Les deux ailes de la cour sont composées d'un étage d'arcades à rez-de-chaussée, servant de soubassement sur la rue à une ordonnance dorique, dans la hauteur de laquelle sont compris deux étages. Dans l'aile à droite est un grand escalier richement orné, par lequel on entre dans la grand'salle du Palais. Une grille de fer qui ferme la cour réunit ces deux ailes. Cet ouvrage est vanté, et peut avoir du mérite sous le rapport de la serrurerie; mais les gens de goût voient avec peine qu'on ait consacré une dépense considérable à un genre de travail peu intéressant en lui-même, lorsqu'on pouvoit produire, à moins de frais, et par les moyens de l'architecture, une clôture plus noble et plus analogue au monument. Les ornements, d'ailleurs, en sont lourds et d'un mauvais choix[185].
Cette cour se nomme encore cour du Mai, à cause de l'ancien usage où étoient les suppôts de la Basoche d'y planter tous les ans, le dernier samedi du mois de mai, un arbre très-élevé, après avoir abattu celui de l'année précédente. Des deux côtés de cet arbre étoient attachées les armes de ce corps burlesque, lesquelles étoient d'azur à trois écritoires d'or, avec deux anges pour support. On sait que la Basoche, dont l'origine est très-ancienne, étoit une espèce de juridiction composée de la communauté des clercs du parlement de Paris. Ils y jugeoient les différends qui pouvoient naître entre eux, et quelquefois même ils s'y exerçoient à plaider des causes sur des questions difficiles et singulières. Ce tribunal avoit une foule d'offices et de dignités, entre autres un chancelier, un trésorier, des maîtres des requêtes. Il y avoit même autrefois un roi de la Basoche.
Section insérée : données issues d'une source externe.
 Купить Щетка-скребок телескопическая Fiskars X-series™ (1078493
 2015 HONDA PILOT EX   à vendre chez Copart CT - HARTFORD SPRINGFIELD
CURIOSITÉS DU PALAIS DE JUSTICE.
TABLEAUX.
Dans la chapelle de la cour, laquelle occupoit tout l'avant-corps du milieu, les quatre Évangélistes, par Brenet; la Foi, l'Espérance et la Charité, par Renou.
Dans la deuxième chambre, un Christ par Beauvoisin.
Dans la troisième chambre, un Christ, et le portrait de Louis XIV, d'après Largillière, par Giroux.
Dans la salle du conseil, un Christ, et le portrait de Louis XVI, par Guérin.
Dans les bâtimens de la chambre des comptes, plusieurs tableaux du Christ par Dumont le Romain; la Madelaine au pied de la croix, par Bourdon.